NEC Handbook © Commentary: "All rod and pipe electrodes must have at least 8 ft of length in contact with the soil, regardless of rock bottom. Where rock bottom is encountered, the electrodes must either be driven at not more than a 45 degree angle or buried in a 2&1/2 ft deep trench. Ground clamps used on buried electrodes must be listed for direct earth burial. Ground clamps installed above ground must be protected where subject to physical damage."

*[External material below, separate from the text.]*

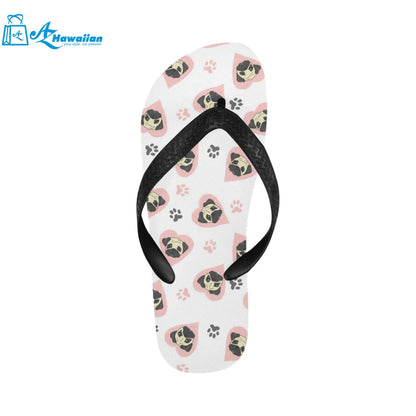 Cute pugs pink heart paw pattern Unisex Flip Flops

250.64 Grounding Electrode Conductor Installation.
Grounding electrode conductors shall be installed as specified in 250.64(A) through (F).
(B) Securing and Protection from Physical Damage. A grounding electrode conductor or its enclosure shall be securely fastened to the surface on which it is carried. A 4 AWG copper or aluminum or larger conductor shall be protected if exposed to severe physical damage. A 6 AWG grounding conductor that is free from exposure to physical damage shall be permitted to be run along the surface of the building construction without metal covering or protection where it is securely fastened to the construction; otherwise, it shall be in rigid metal conduit, intermediate metal conduit, rigid nonmetallic conduit, electrical metallic tubing, or cable armor. Grounding conductors smaller than 6 AWG shall be in rigid metal conduit, intermediate metal conduit, rigid nonmetallic conduit, electrical metallic tubing, or cable armor.
--
Tom

harold endean

06:03AM | 10/06/02
Member Since: 08/30/02
23 lifetime posts
You might want to go to the local rental store and rent an electric hammer drill with a ground rod driver attachment. It could save you a lot of time and bruised fingers.